My husband thinks that we should just go for it now, while he is interested. I am not sure. Is it possible for a 16 month boy to be potty trained? Is it good for him? Any advice?

Thanks.

Fiona with Basil


----------



## its_our_family (Sep 8, 2002)

DO IT!!!!!

From what I understand there is a window between 16 and 18 months when boys will learn to use the potty. My son is very interested but we couldn't buy a potty and the big potty freaks him out. Then we were gone for 9 days from evacing from the hurricane. I'm going tonight to buy a potty and hopefully ds will get the idea!

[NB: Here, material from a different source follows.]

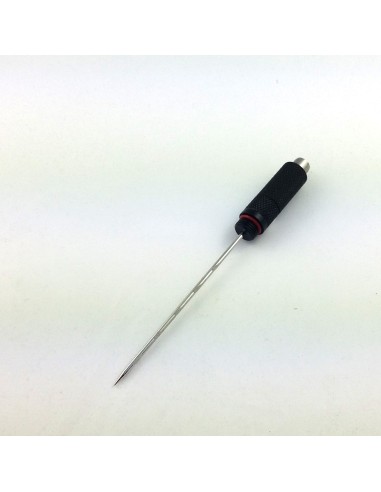 Outil cigare multifonction: double emporte pièce, perforateur, aiguille.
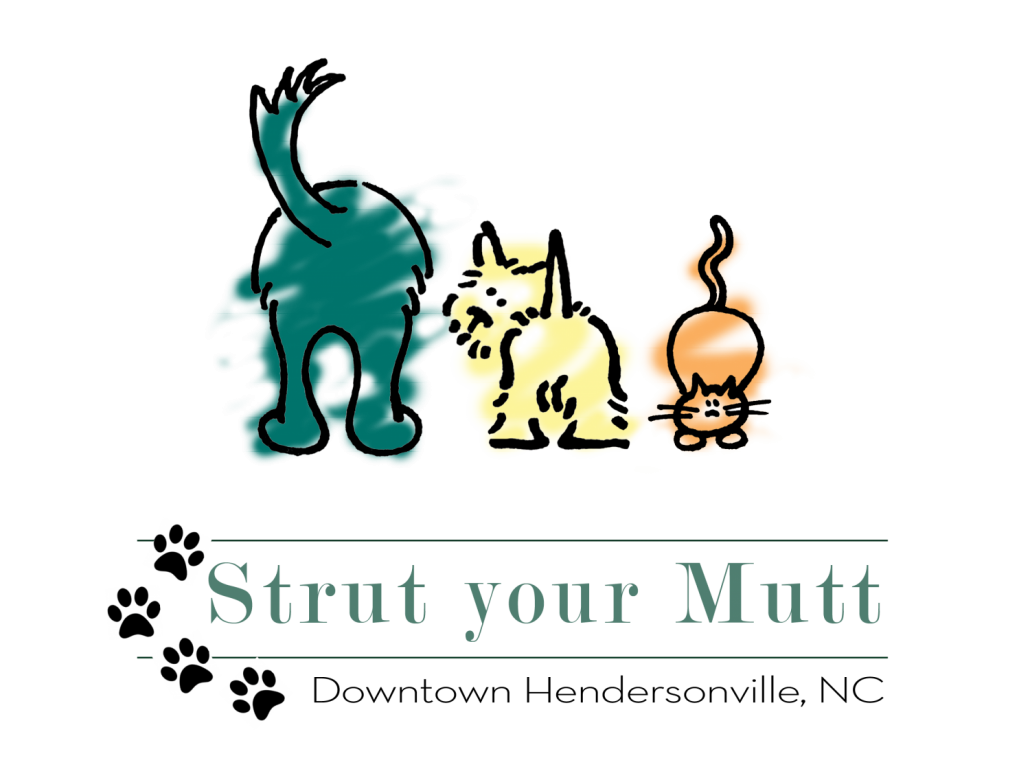 Strut Your Mutt 5K Walk & Run and Tails in Town Blue Ridge Humane Society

I say you are lucky he wants to on his own and he isn't 4 still refusing to get rid of the dipes!!


----------



## IdentityCrisisMama (May 12, 2003)

Yep, I'm sure it's possible. I'd go for it. My daughter was potty trained at 18 months. I was like you, not sure that she could be ready because of everything I had read. She was ready.

BTW, Cute name, Basil


----------



## QueeTheBean (Aug 6, 2002)

My 18 month old is doing the same thing. He was peeing on the floor every night before bed, so I said "pee in the potty or your diaper" He says "potty", so we went for it and lo and behold--he did it! He even pooped once! We are just doing it at night now or when he asks. It is hard to get those cloth dipes off in a hurry. I need to dig up my older son's training pants!

Good luck!


----------



## kaya3 (Nov 30, 2001)

Hey all! my 18 mont old ds has started telling me when he poops. I am amazed, as his older brother was content to sit in poop all day at 3 yrs old if i didn't know he pooped. So , how do I take this, and turn it into something constructiv in terms of potty training? With ds1, he was 3 1/2 when we did the training thing, so it was completely different. he had more of a cognative understanding of his body,a nd wht it did, yadda yadda. so, i'm at aloss here as to how to proceed with my 18 monthold.
any help would be great!
krista


----------



## Graceoc (Mar 26, 2002)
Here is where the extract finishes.